Task: Whenever a line in the data below includes the string "Drive", copy it out.

(Entries taken from a collection)
<<<<
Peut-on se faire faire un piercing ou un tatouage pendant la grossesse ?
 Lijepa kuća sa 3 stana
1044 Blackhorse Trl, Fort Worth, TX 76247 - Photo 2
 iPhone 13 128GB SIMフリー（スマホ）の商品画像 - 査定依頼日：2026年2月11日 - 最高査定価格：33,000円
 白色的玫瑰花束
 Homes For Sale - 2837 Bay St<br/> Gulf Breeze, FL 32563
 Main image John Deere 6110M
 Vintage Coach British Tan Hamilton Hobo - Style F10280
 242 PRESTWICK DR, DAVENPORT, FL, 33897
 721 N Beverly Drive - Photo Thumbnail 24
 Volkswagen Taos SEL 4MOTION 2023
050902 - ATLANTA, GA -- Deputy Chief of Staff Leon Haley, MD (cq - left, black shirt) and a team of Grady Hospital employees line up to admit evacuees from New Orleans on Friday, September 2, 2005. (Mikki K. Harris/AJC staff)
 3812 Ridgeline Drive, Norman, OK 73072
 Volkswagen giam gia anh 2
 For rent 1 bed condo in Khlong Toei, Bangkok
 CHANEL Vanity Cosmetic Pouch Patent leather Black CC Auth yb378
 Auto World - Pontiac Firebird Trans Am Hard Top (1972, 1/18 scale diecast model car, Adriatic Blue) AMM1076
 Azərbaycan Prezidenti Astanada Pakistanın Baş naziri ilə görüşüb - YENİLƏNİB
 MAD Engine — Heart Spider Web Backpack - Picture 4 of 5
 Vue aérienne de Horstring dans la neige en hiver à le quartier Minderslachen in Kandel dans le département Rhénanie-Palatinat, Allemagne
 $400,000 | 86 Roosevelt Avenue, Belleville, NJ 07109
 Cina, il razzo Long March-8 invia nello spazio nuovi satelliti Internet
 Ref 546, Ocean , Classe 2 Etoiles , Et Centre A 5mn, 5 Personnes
>>>>
Response:
 721 N Beverly Drive - Photo Thumbnail 24
 3812 Ridgeline Drive, Norman, OK 73072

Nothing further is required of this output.